Reputation: 641
I have the below one column "table" (apologies for the data model, not my fault :():
COL_IN
------
2K, E
E, 2K
O
I would like to obtain the below output, ordered by count descending:
COL_OUT COUNT
----------
K 4
E 2
O 1
Upvotes: 0
Views: 91
Reputation:
COUNT
is a reserved keyword, so it's not a good column name - even in the final output. I use COUNT_
instead (with an underscore).
Other than that, you can modify the input strings so they become valid JSON arrays, so that you can then use JSON functions to split them. After you split the strings into tokens, it's a simple matter to separate the leading number (if present) from the rest of the string, and to aggregate. NVL
in the sum adds 1 for each token without a leading integer.

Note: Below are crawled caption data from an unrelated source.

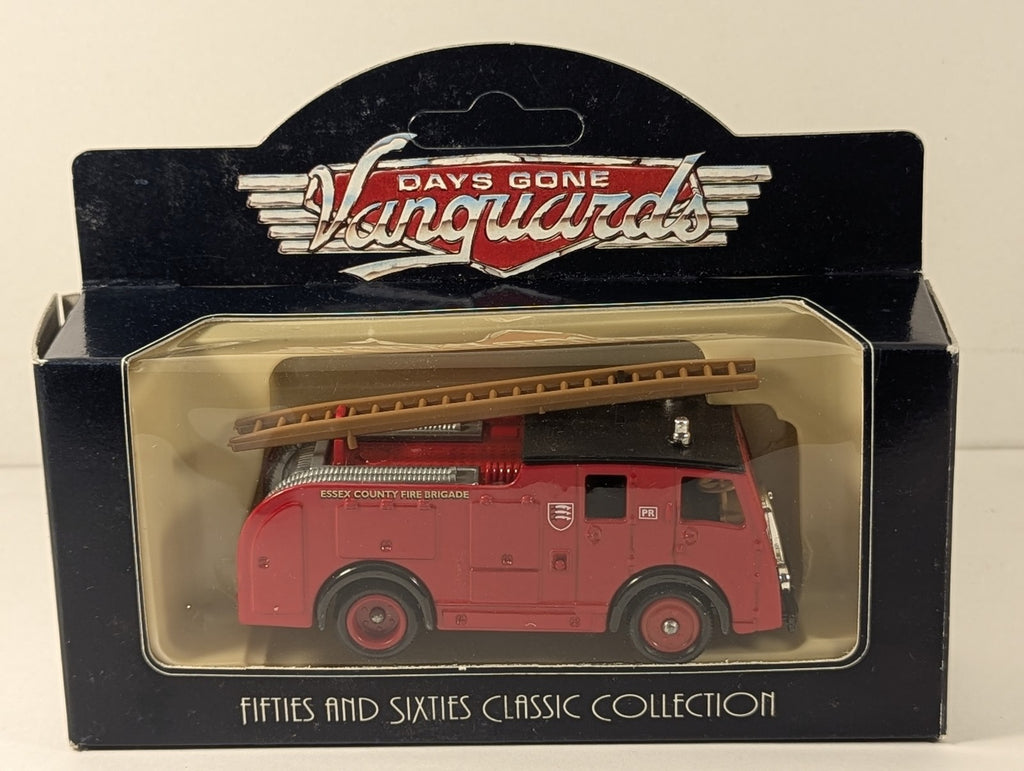 Vanguards 1:43 1955 Dennis F8 Fire Engine Die-cast Fire Engine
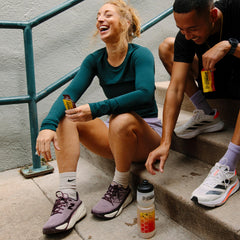 Honey Stinger gel junto a botella de agua en escena de entrenamiento equilibrado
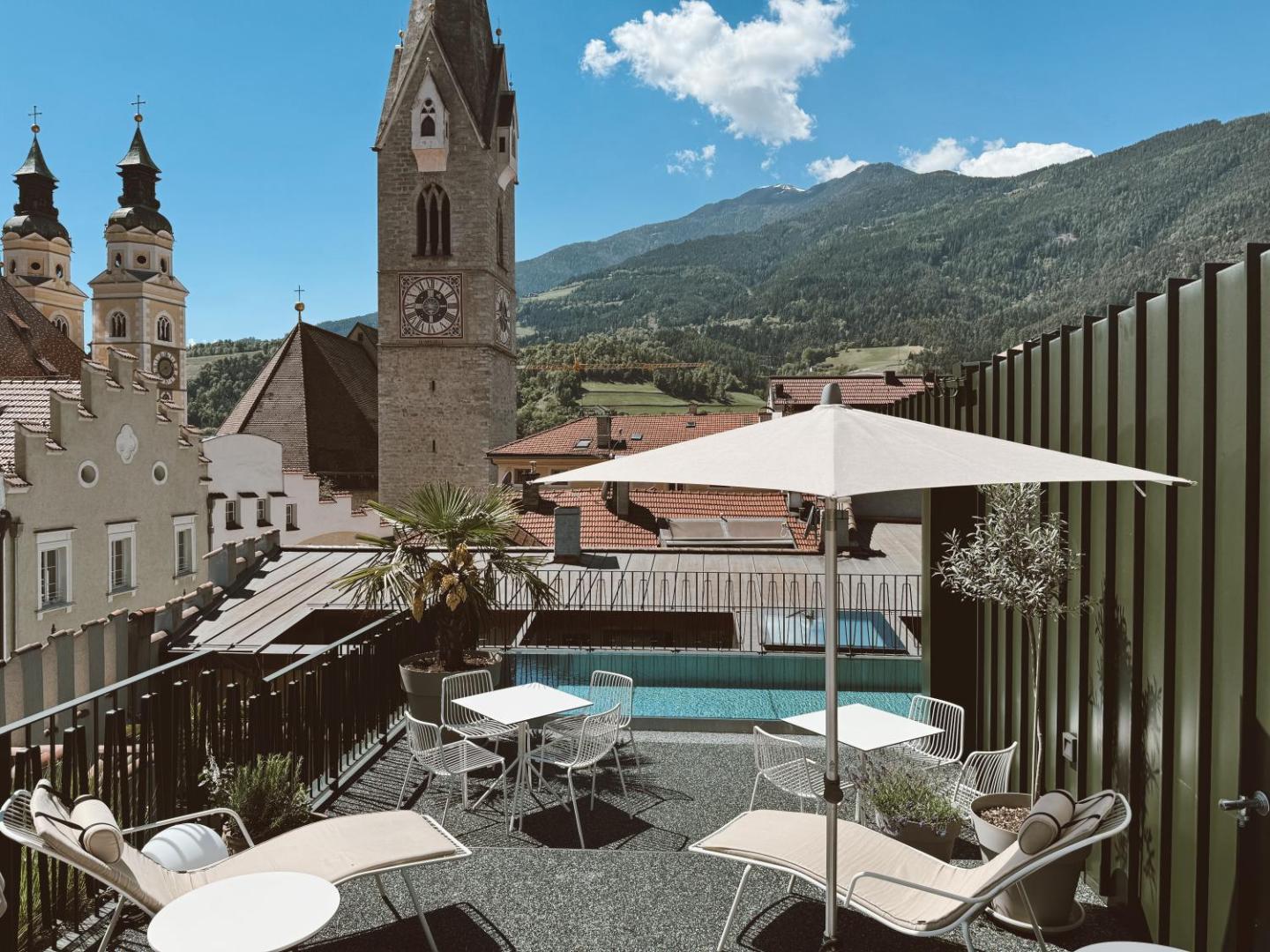 ADLER Historic Guesthouse, the pool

Including the sample data for testing only (if you have an actual table, remove the WITH
clause at the top):
with
tbl (col_in) as (
select '2K, E' from dual union all
select 'E, 2K' from dual union all
select 'O' from dual
)
select ltrim(col, '0123456789') as col_out
, sum(nvl(to_number(regexp_substr(col, '^\d*')), 1)) as count_
from tbl,
json_table('["' || regexp_replace(col_in, ', *', '","') || '"]', '$[*]'
columns col path '$')
group by ltrim(col, '0123456789')
order by count_ desc, col_out
;
COL_OUT COUNT_
------- ------
K 4
E 2
O 1
Upvotes: 2
Reputation: 65393
You can use hierarchical query in such a way that
WITH t2 AS
(
SELECT TRIM(REGEXP_SUBSTR(col_in,'[^,]+',1,level)) AS s
FROM t
CONNECT BY level <= REGEXP_COUNT(col_in,',')+1
AND PRIOR SYS_GUID() IS NOT NULL
AND PRIOR col_in = col_in
)
SELECT REGEXP_SUBSTR(s,'[^0-9]') AS col_out,
SUM(NVL(REGEXP_SUBSTR(s,'[^[:alpha:]]'),1)) AS count
FROM t2
GROUP BY REGEXP_SUBSTR(s,'[^0-9]'),REGEXP_SUBSTR(s,'[^[:alpha:]]')
ORDER BY count DESC
presuming all of the data are alphanumeric only(eg.not containing special charaters such as $,#,! ..etc.)
Upvotes: 2